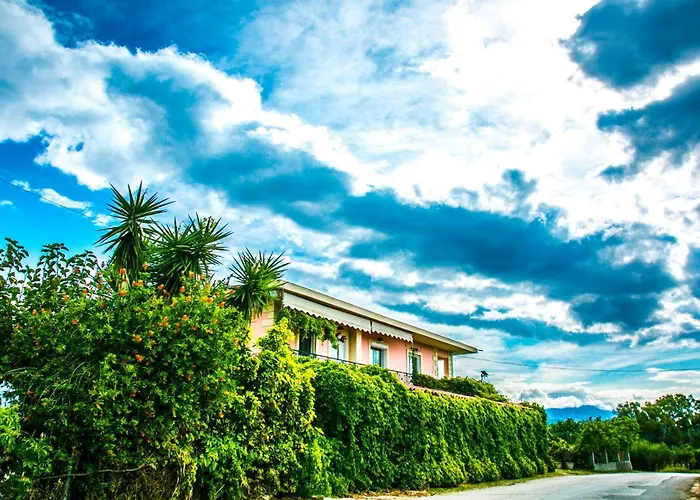 Babi's - Garden Lägenhet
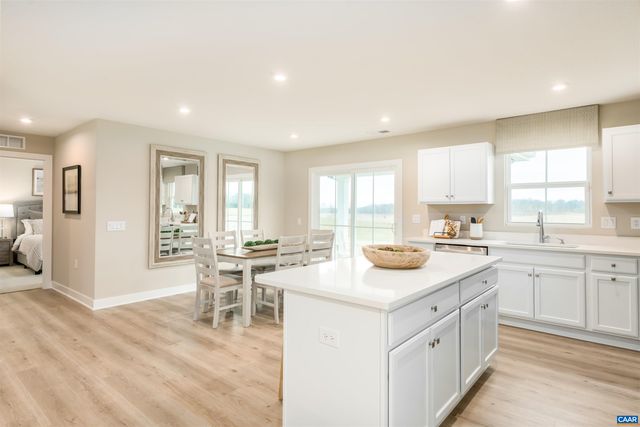 132 WHITE SANDS BLVD, Barboursville, VA 22923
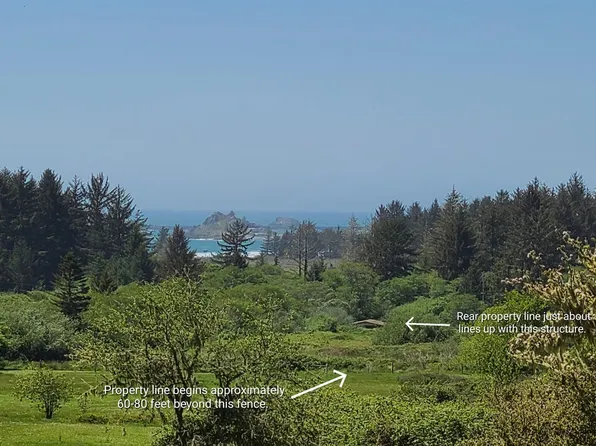 2545 Roy Ave, Crescent City, CA 95531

++++++++

# What you should do
Leaving every picture aside, repeat the listing exactly.

# Task output
 Babi's - Garden Lägenhet
 132 WHITE SANDS BLVD, Barboursville, VA 22923
 2545 Roy Ave, Crescent City, CA 95531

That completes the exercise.